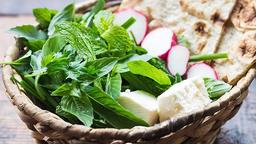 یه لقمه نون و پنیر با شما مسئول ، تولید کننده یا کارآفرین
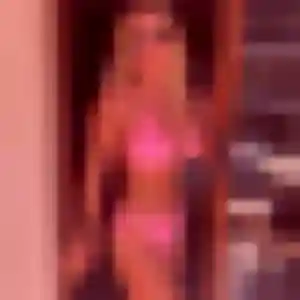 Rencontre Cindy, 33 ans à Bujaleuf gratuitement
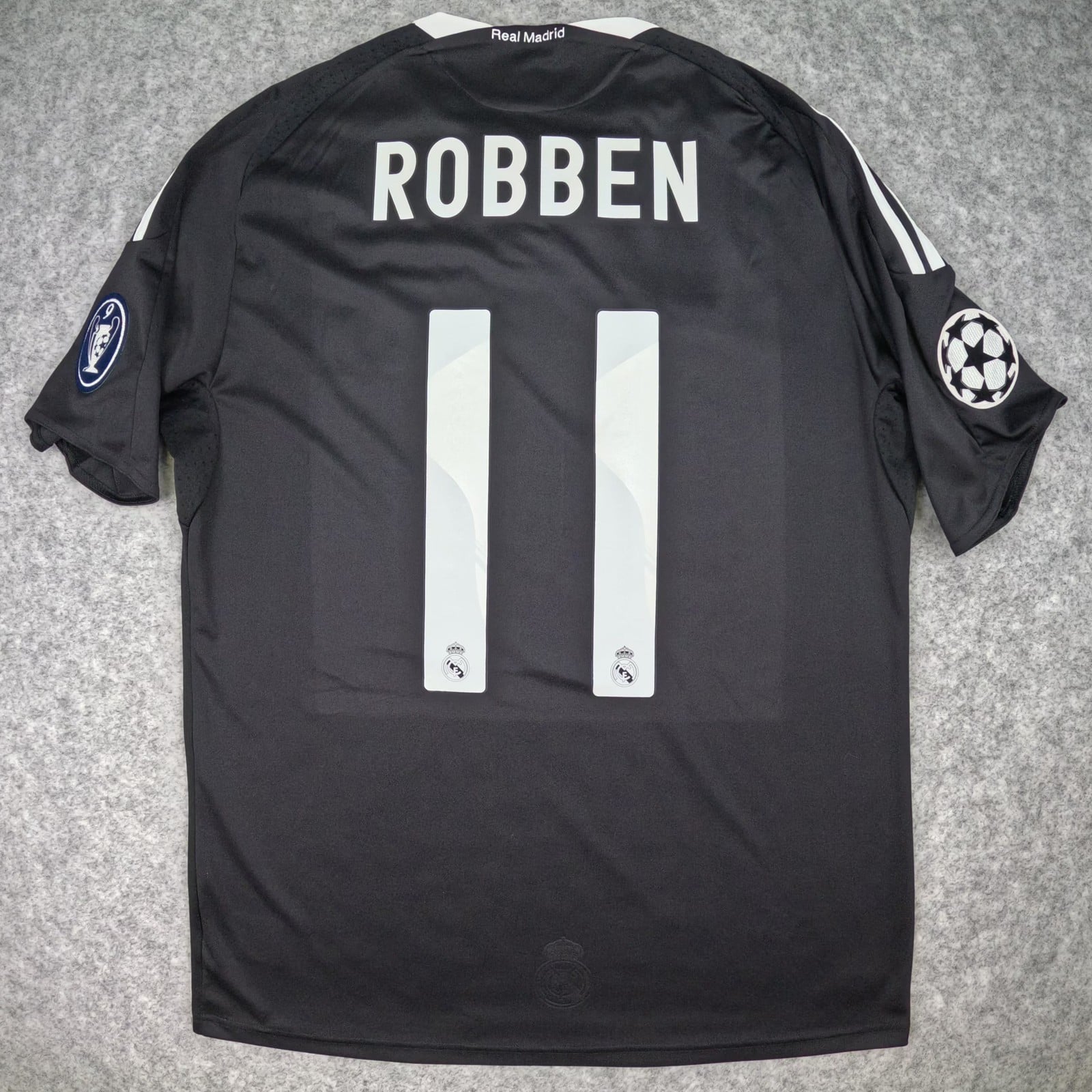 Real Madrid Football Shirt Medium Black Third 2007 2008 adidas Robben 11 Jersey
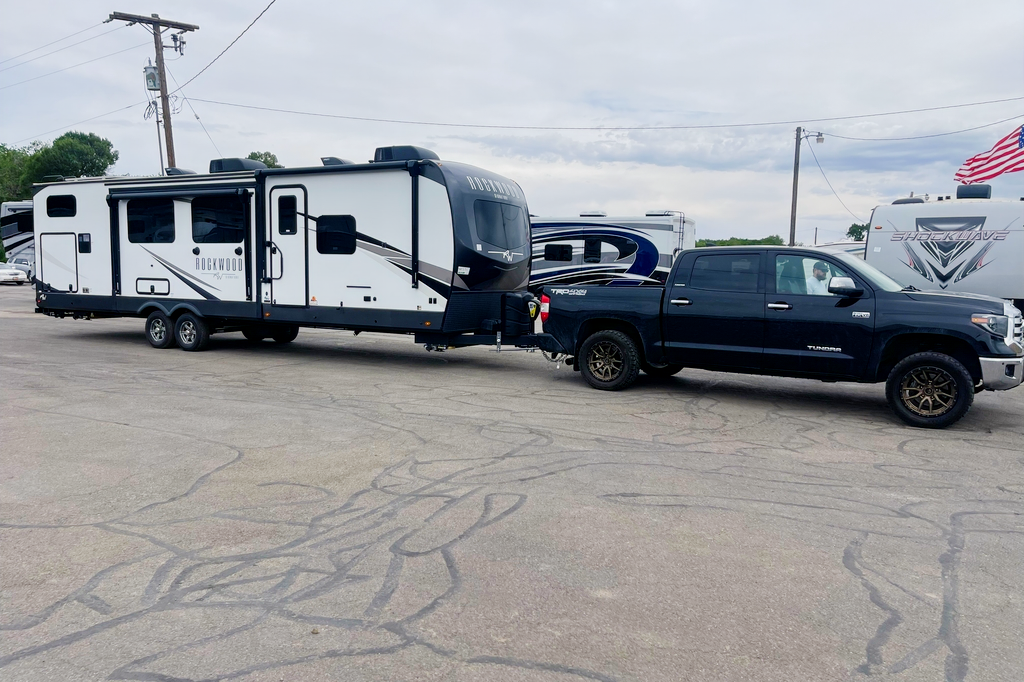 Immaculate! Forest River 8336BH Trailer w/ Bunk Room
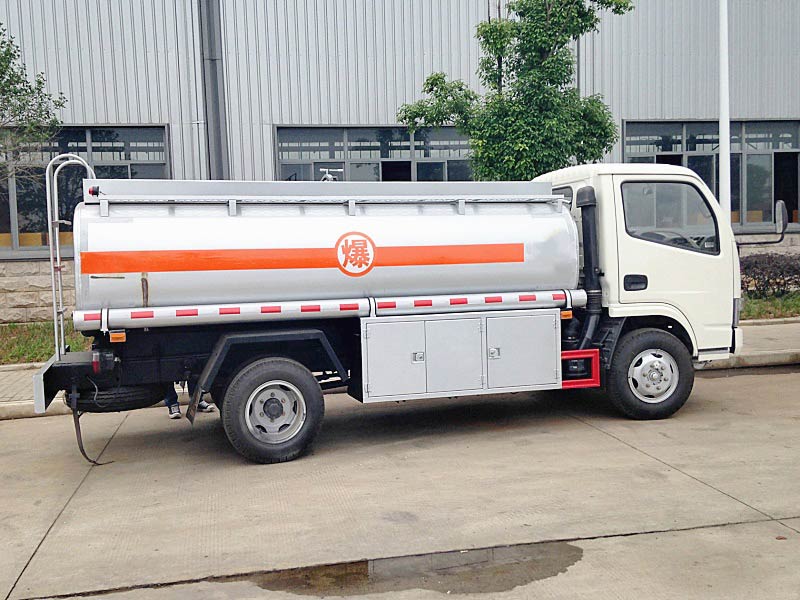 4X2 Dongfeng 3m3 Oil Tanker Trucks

========================================

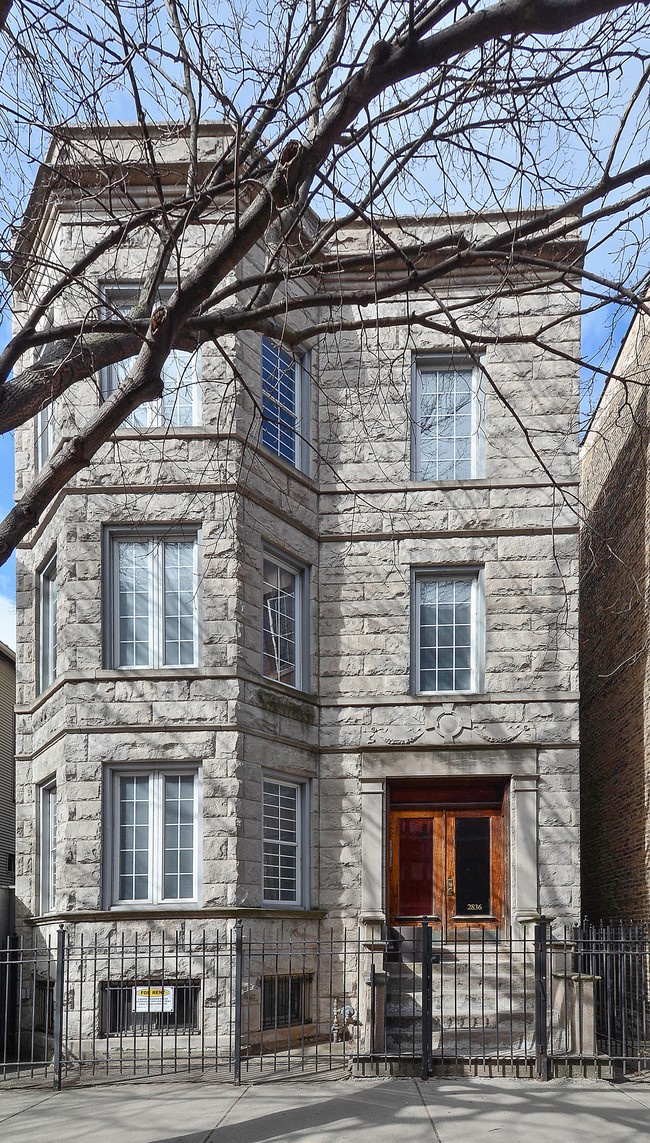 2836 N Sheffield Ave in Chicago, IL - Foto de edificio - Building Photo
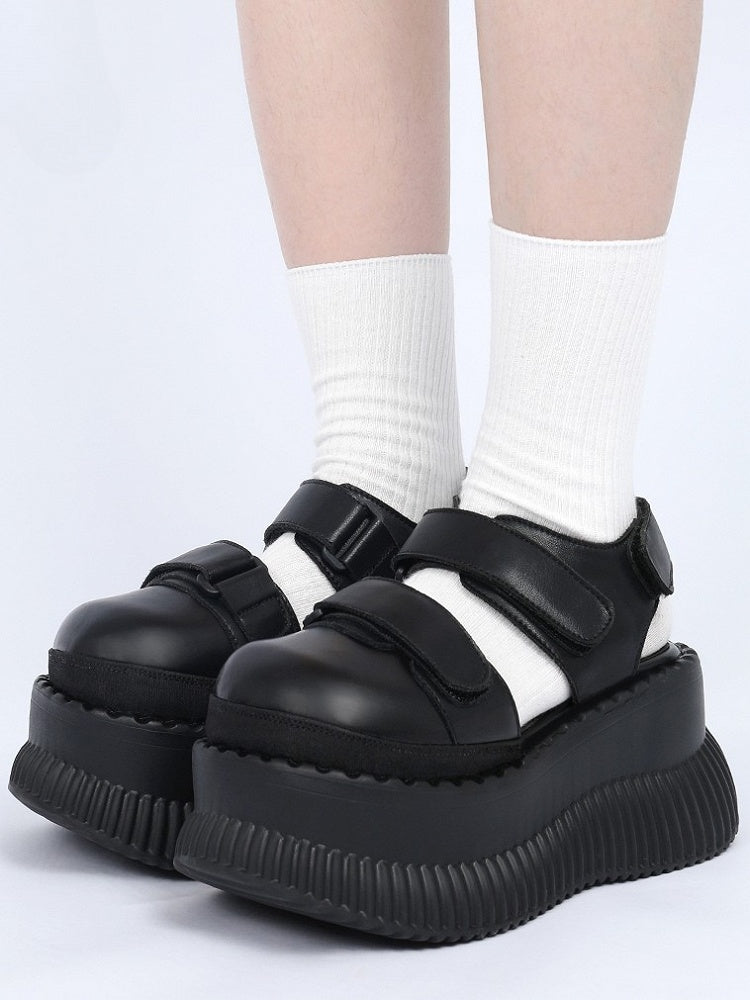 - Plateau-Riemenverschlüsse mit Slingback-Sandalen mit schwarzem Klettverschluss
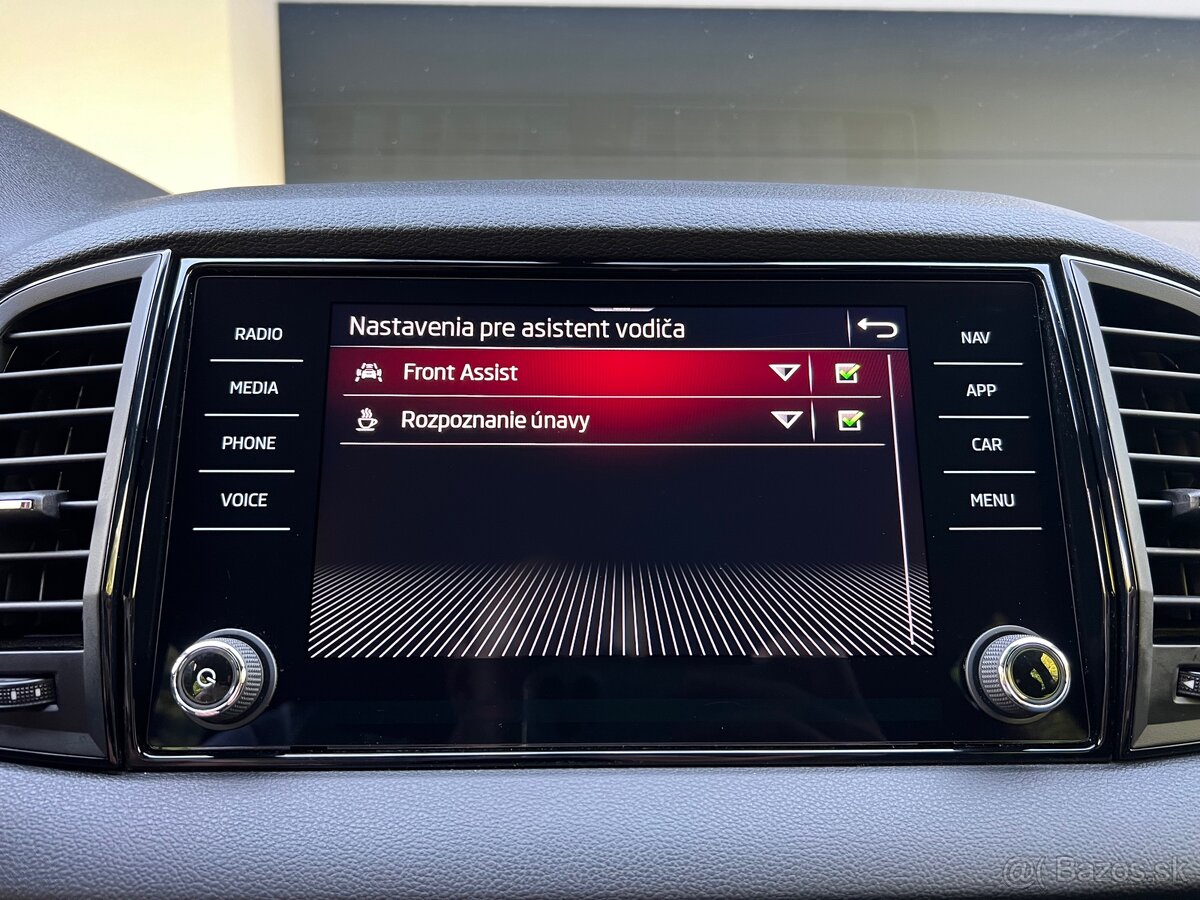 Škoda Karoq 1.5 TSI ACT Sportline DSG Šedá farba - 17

========================================

## TASK ITEM:
Exact copy, pictures excluded: from the line with "- Plateau-Riemenverschlüsse mit" up to and including the line with "Škoda Karoq 1.5" in the data above.

## SOLUTION TO THE PROBLEM:
 - Plateau-Riemenverschlüsse mit Slingback-Sandalen mit schwarzem Klettverschluss
 Škoda Karoq 1.5 TSI ACT Sportline DSG Šedá farba - 17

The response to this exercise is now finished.